• **Exercise brief**: Give back, word for word, the lines in the listing below from the one holding "Image of Maple" down to the one holding "House of Harlow", both ends included.

· · ·

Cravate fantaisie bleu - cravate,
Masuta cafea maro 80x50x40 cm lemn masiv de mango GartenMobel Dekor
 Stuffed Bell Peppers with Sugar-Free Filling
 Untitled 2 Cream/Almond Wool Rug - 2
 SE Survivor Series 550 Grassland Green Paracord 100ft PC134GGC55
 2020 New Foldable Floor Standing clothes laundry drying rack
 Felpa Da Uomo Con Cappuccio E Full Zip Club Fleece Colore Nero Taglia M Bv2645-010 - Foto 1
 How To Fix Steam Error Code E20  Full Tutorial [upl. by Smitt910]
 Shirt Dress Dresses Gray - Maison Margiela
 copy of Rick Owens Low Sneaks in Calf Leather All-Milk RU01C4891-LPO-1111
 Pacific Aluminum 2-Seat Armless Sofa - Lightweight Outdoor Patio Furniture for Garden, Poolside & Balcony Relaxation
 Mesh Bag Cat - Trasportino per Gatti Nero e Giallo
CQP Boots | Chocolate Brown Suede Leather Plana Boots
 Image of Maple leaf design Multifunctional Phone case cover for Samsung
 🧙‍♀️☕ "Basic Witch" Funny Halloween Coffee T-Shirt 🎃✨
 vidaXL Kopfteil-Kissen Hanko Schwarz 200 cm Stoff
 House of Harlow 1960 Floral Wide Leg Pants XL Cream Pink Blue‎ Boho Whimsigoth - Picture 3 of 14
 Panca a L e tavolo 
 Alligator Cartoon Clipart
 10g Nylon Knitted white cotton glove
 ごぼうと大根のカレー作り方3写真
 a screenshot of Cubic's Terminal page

· · ·

• **Written answer**:
 Image of Maple leaf design Multifunctional Phone case cover for Samsung
 🧙‍♀️☕ "Basic Witch" Funny Halloween Coffee T-Shirt 🎃✨
 vidaXL Kopfteil-Kissen Hanko Schwarz 200 cm Stoff
 House of Harlow 1960 Floral Wide Leg Pants XL Cream Pink Blue‎ Boho Whimsigoth - Picture 3 of 14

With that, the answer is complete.